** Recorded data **
○ ○ ○ ○ ○ ○ ○
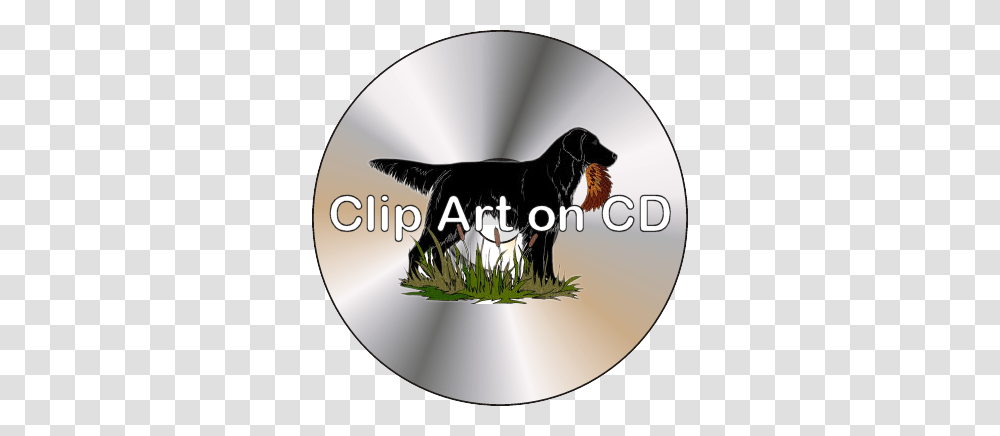 Clip Art On Cd, Disk, Dvd, Canine, Mammal Transparent Png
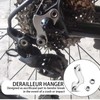 ANBOO 2PCS Alloy Bike Rear Derailleur Hanger Transmission Tail Hook
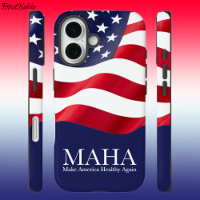 MAHA Make America Healthy Again USA Flag 🇺🇸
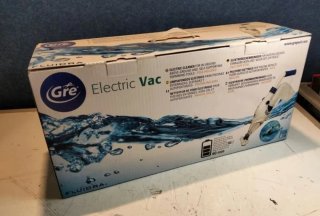 Limpiafondos Eléctrico Autónomo Gre Electric Vac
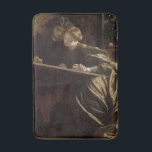 The Painter's Honeymoon (von Frederic Leighton) Badematte<br><div class="desc">Dieses Design zeigt ein Gemälde des britischen Viktorianischen Künstlers Frederic Leighton (1830-1896). Es zeigt einen beruflichen Maler mit seiner Ehefrau auf den Flitterwochen. Der Mann skizziert ein Bild, während er die Hand seines geliebten Herzens hält. Sowohl der Mann als auch seine Ehefrau tragen elegante Kleidung und sind im Atelier seines...</div>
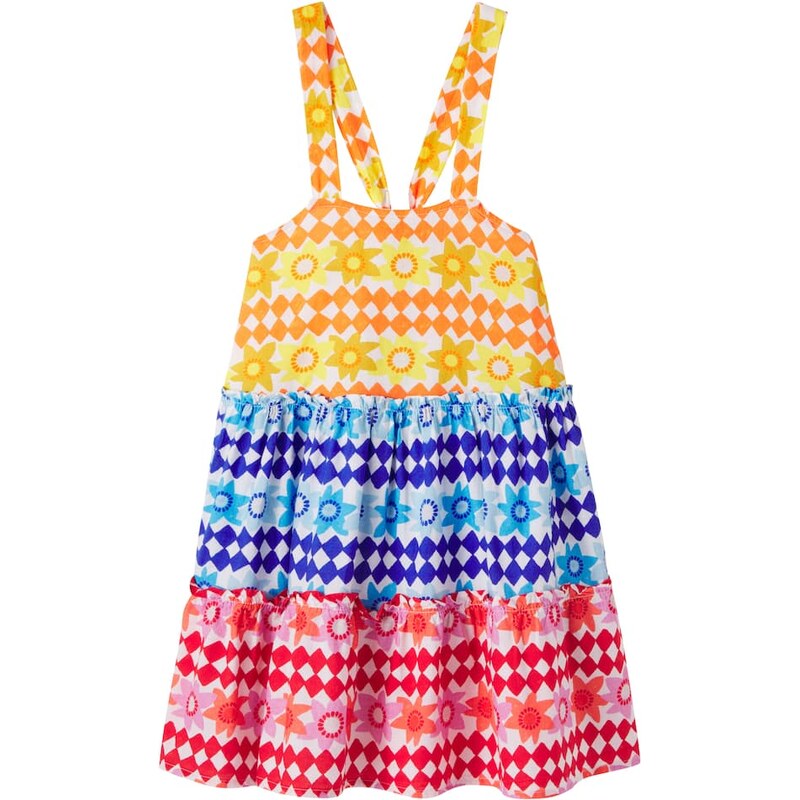 Fábula Printed cotton dress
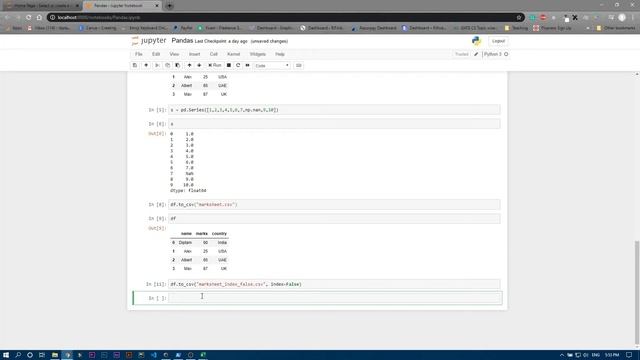 Read CSV | Python Pandas Tutorial 5.0 смотреть онлайн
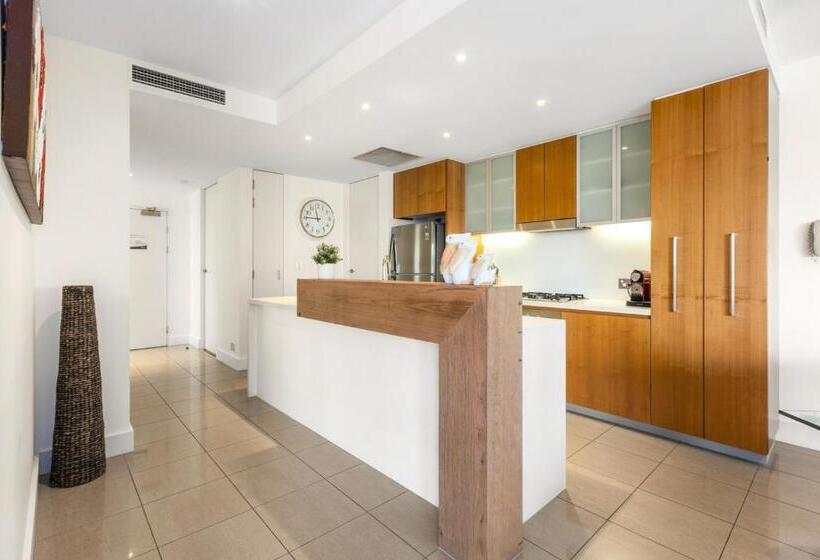 １階の１ベッドルームアパートメント, Cotton Beach Resort  Tweed Coast Holidays ®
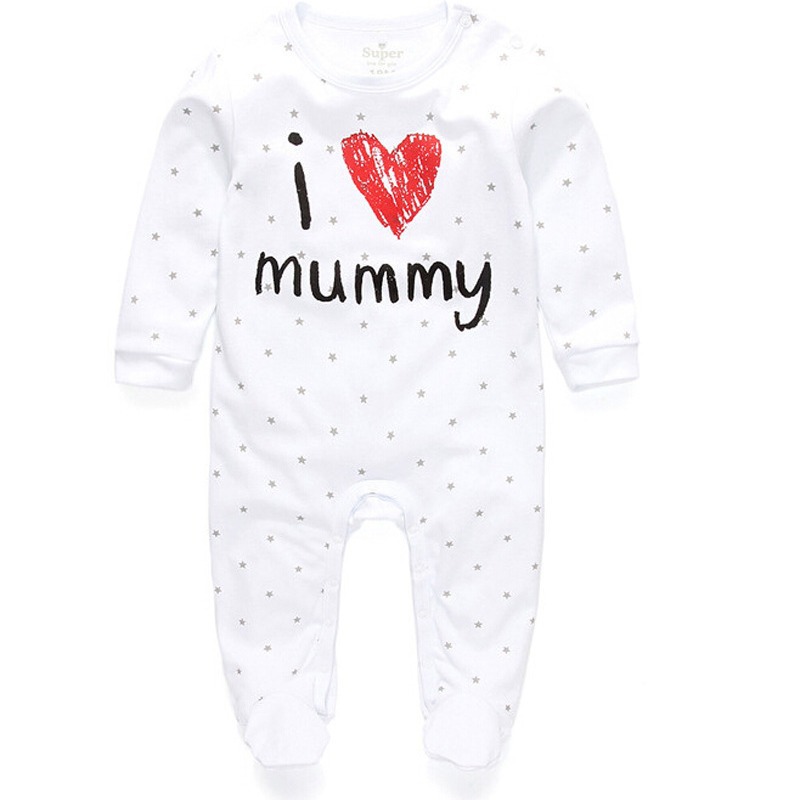 Picture of Baby Jumpsuit spring and autumn baby boys' clothing newborn baby clothes pure cotton pajamas clearance processing no refund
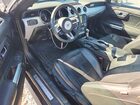 2017 Ford Mustang Черный vin: 1FA6P8TH2H5344486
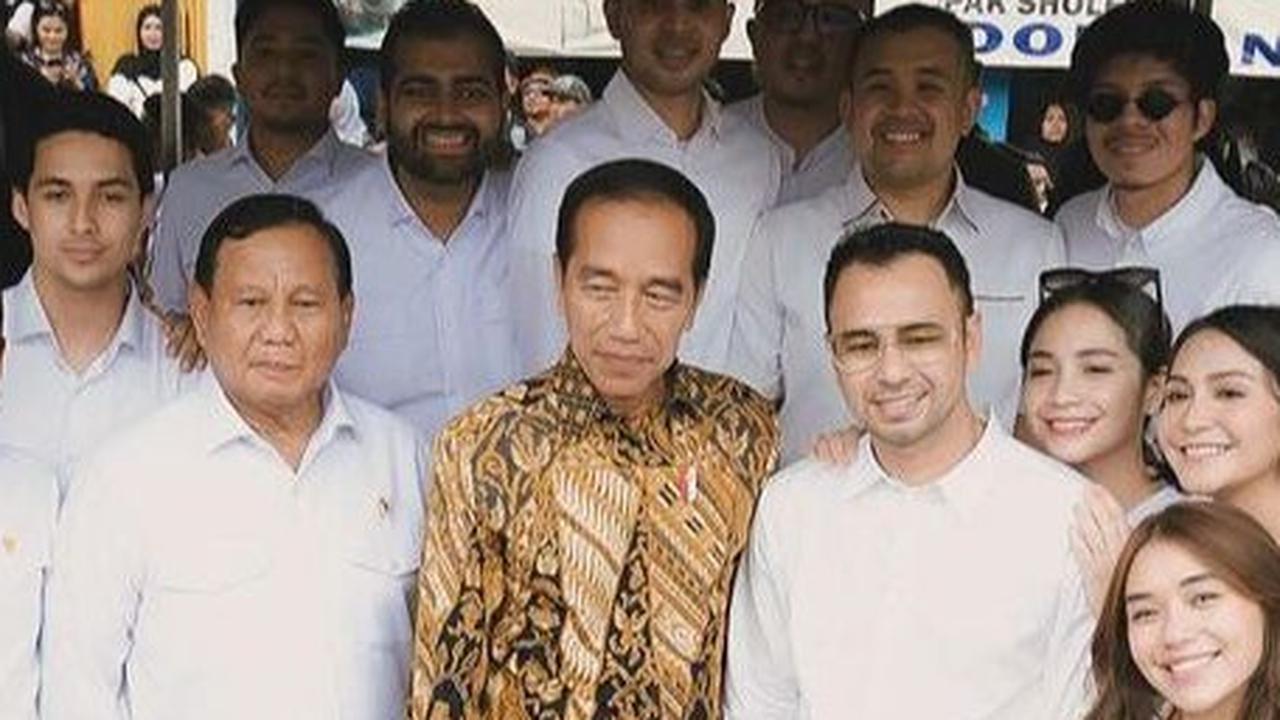 Penjelasan Istana soal Foto Presiden Jokowi dengan Raffi Ahmad hingga Rachel Vennya Usai Peresmian Akmil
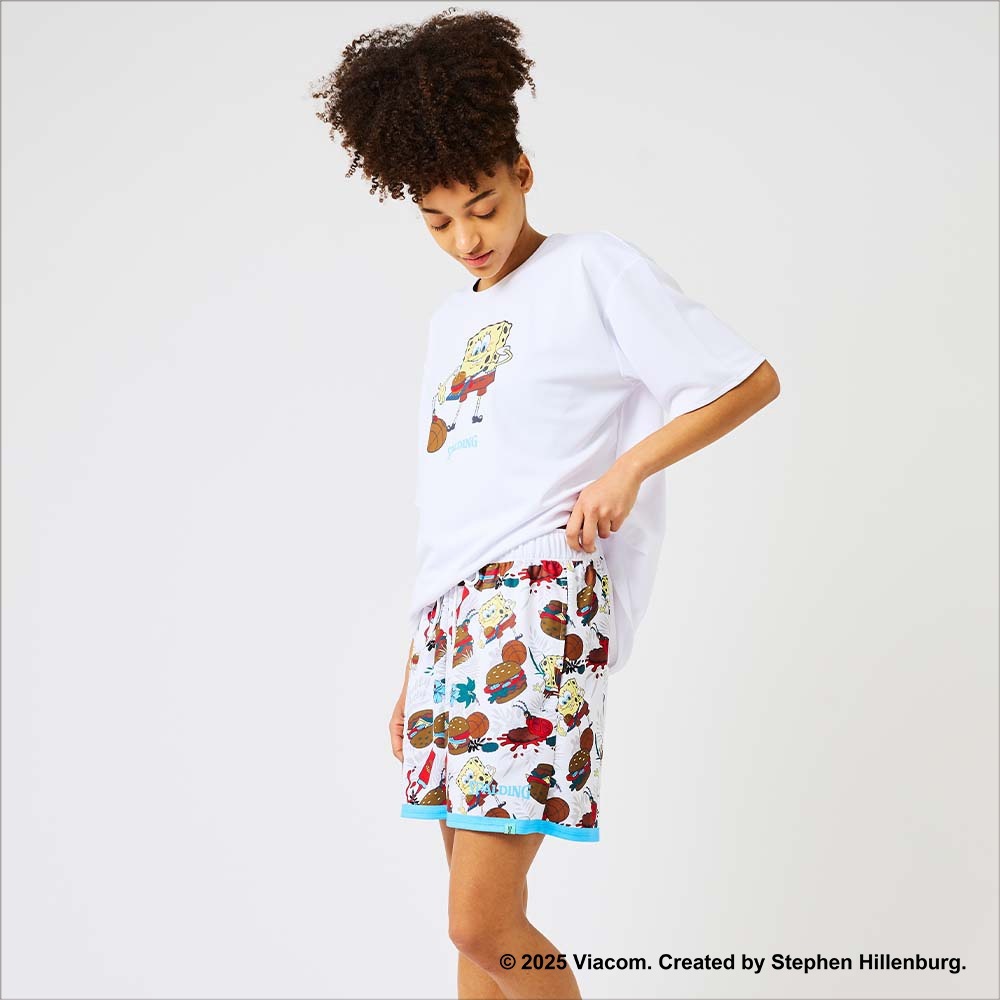 ジャージーショーツ スポンジ・ボブ クラビー パーティ SMP25051S【4カラー展開】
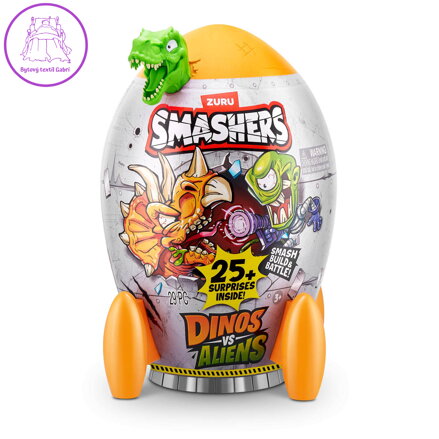 ASMODEE Smashers: Dinos vs Aliens: Rocket raketka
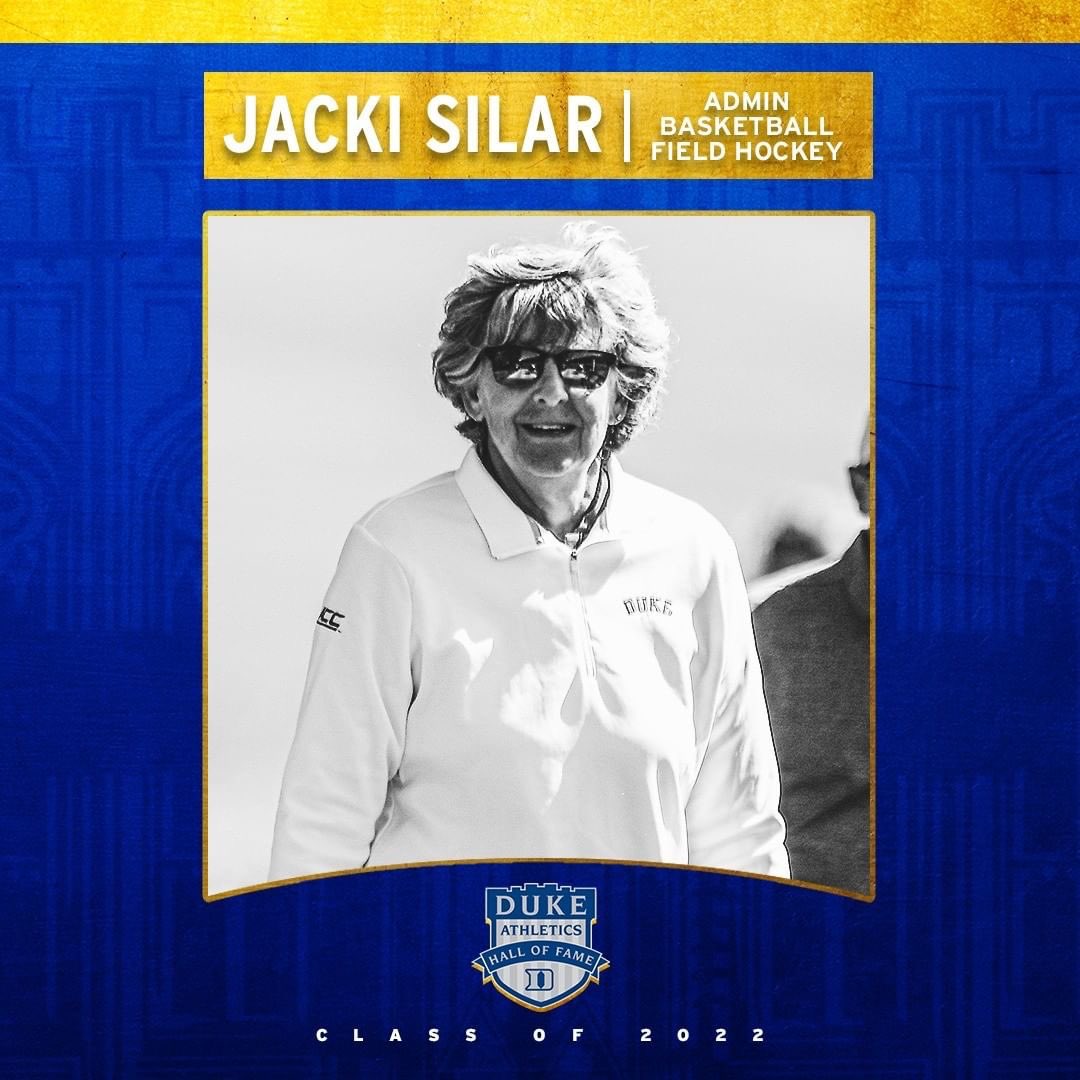 Duke Women’s Basketball on Twitter "Special S/O to Jacki Silar who enters the Duke Athletics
○ ○ ○ ○ ○ ○ ○
** WHAT THIS TASK INVOLVES **
Only the lines from the top of the records through the line with "Limpiafondos Eléctrico Autónomo" belong in the copy; write them out exactly, leaving out pictures.

** RESPONSE FOR THIS EXERCISE **
 Clip Art On Cd, Disk, Dvd, Canine, Mammal Transparent Png
 ANBOO 2PCS Alloy Bike Rear Derailleur Hanger Transmission Tail Hook
 MAHA Make America Healthy Again USA Flag 🇺🇸
 Limpiafondos Eléctrico Autónomo Gre Electric Vac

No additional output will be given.